Theoretical and Practical Implications
This research challenges a prevailing dichotomy in generative modeling: that faithfulness and high sample quality are in tension due to the necessity of stochasticity for detail recovery in SDE frameworks. The introduction of dual, independently trained approximators allows the model to circumvent the limitations of deterministic ODE-based samplers (which tend toward oversmoothing) while maintaining output uniqueness per input.

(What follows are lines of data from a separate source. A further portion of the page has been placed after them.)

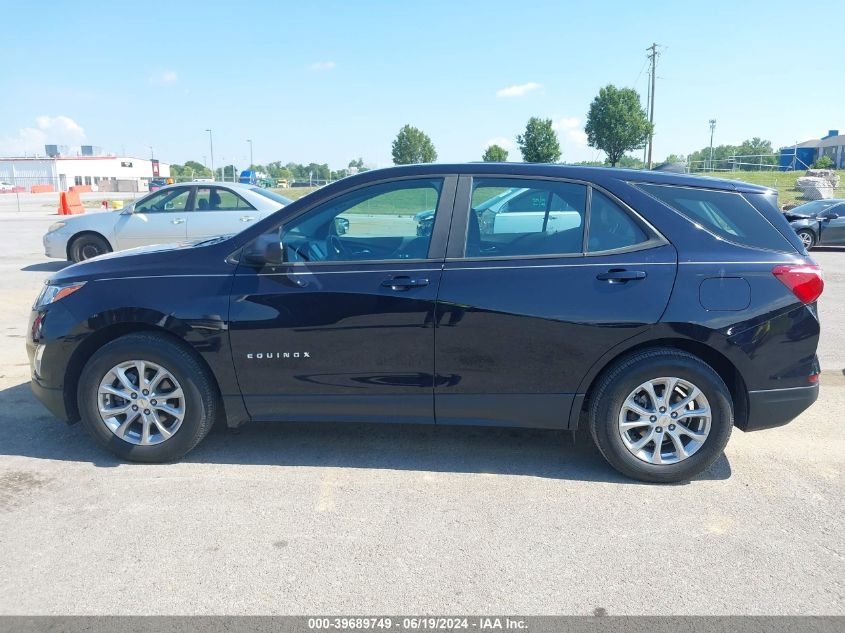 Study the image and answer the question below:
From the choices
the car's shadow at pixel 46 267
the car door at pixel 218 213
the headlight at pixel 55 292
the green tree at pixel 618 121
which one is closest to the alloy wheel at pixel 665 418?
the headlight at pixel 55 292

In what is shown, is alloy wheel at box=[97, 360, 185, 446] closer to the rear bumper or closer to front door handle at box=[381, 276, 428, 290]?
front door handle at box=[381, 276, 428, 290]

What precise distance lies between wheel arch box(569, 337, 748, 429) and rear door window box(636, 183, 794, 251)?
639 mm

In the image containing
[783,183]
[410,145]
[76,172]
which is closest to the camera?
[783,183]

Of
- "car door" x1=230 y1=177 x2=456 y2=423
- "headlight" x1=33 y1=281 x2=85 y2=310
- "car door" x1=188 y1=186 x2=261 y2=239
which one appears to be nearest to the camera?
"car door" x1=230 y1=177 x2=456 y2=423

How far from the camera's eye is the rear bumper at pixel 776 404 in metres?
3.89

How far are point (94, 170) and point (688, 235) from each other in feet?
407

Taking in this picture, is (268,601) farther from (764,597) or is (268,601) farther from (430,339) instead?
(764,597)

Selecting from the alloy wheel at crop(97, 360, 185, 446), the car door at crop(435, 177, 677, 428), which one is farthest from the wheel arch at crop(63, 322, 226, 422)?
the car door at crop(435, 177, 677, 428)

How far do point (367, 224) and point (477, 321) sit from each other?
1027mm

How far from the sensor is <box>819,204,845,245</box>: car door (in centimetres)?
1691

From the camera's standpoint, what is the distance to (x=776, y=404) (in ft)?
12.8

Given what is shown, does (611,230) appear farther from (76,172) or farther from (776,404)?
(76,172)

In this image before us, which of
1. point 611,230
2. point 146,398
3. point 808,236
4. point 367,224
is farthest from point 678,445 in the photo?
point 808,236

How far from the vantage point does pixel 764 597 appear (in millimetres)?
2900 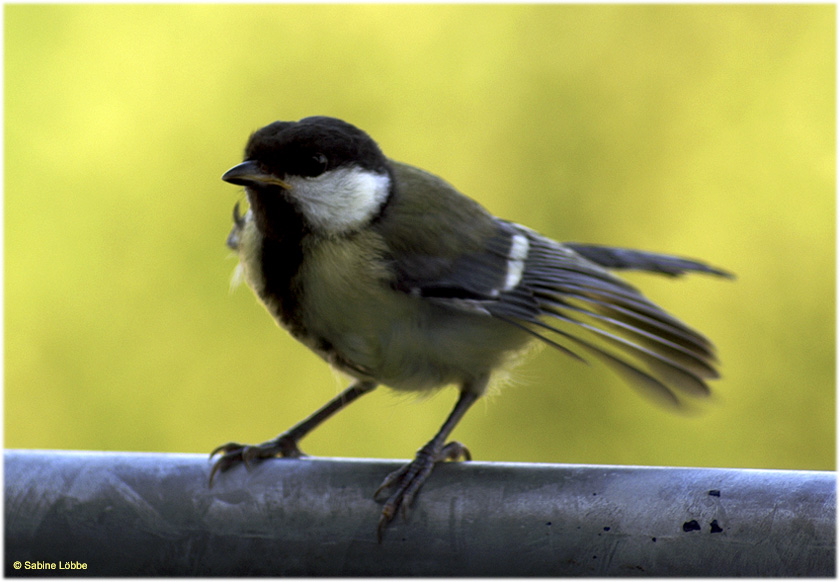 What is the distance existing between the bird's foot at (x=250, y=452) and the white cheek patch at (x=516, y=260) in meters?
0.51

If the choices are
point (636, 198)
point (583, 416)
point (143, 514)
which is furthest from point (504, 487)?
point (636, 198)

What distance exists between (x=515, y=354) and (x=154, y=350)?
1507mm

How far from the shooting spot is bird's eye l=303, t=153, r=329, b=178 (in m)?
1.48

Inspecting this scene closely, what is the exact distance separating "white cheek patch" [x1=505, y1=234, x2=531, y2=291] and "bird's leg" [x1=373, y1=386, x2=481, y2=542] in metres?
0.22

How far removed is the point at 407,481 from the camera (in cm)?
135

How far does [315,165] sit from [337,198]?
7cm

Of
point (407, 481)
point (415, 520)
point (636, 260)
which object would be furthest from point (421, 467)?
point (636, 260)

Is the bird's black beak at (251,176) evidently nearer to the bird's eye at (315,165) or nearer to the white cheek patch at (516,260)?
the bird's eye at (315,165)

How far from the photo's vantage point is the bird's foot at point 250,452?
1364 millimetres

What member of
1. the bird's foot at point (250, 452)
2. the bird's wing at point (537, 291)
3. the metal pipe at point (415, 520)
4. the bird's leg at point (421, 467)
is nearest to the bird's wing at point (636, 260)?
the bird's wing at point (537, 291)

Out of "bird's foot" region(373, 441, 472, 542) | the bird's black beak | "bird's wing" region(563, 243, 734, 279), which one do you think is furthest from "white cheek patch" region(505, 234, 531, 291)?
the bird's black beak

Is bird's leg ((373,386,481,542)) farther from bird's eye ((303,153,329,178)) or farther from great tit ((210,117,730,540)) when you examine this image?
bird's eye ((303,153,329,178))

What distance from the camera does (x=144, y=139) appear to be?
2.82 m

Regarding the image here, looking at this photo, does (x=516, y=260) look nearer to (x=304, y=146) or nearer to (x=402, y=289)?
(x=402, y=289) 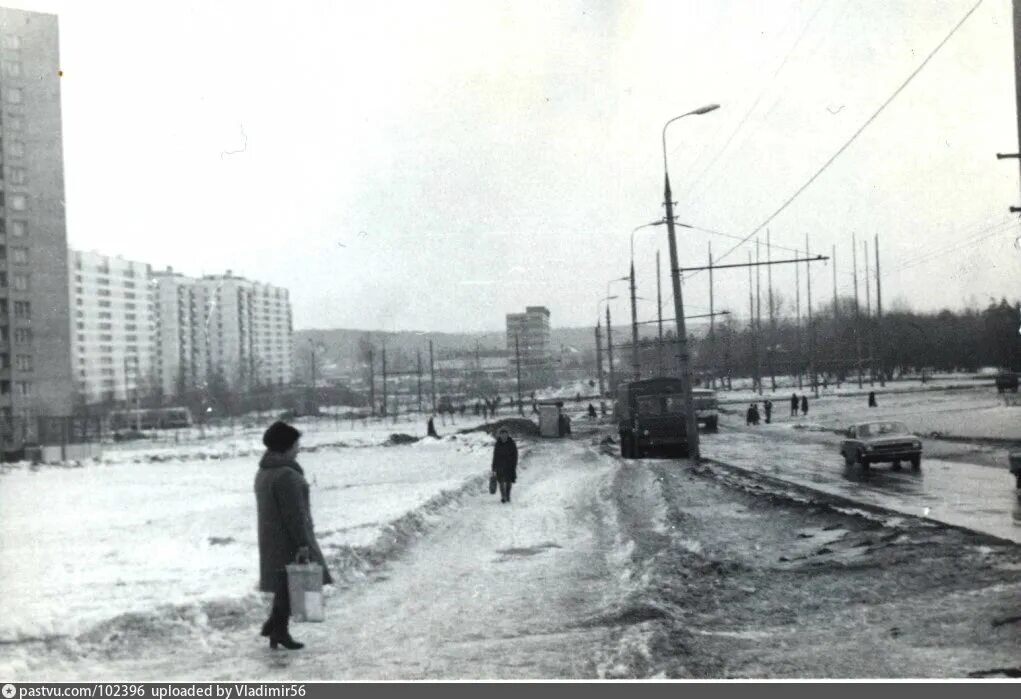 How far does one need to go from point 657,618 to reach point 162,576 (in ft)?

Theoretically, the method opens new lines of inquiry into the utility of multi-network architectures for fine-grained control of generative processes along stochastic bridges. Practically, it enables deployment in high-reliability, high-interpretability settings (e.g., medical imaging, restoration, high-precision super-resolution) where every input must reproducibly yield the same high-fidelity output, and stochastic variability is inadmissible.
Future Directions
Potential future directions include the exploration of non-VP (variance preserving) SDE regimes, integration of stochastic control in unpaired I2I or domain adaptation scenarios, and broader adoption in other conditional generative modeling contexts.
Conclusion
The Dual-approx Bridge establishes a deterministic paradigm for Brownian bridge-based I2I translation, combining the faithfulness and consistency requisite for critical applications with the high perceptual quality characteristic of modern diffusion models. The decoupling of forward and reverse SDE approximation via two neural networks yields near-zero output variance and robust detection and reconstruction of fine structural details, empirically validated across a spectrum of datasets and tasks. This work advances the theoretical and practical boundary of deterministic, high-quality generative modeling for image translation.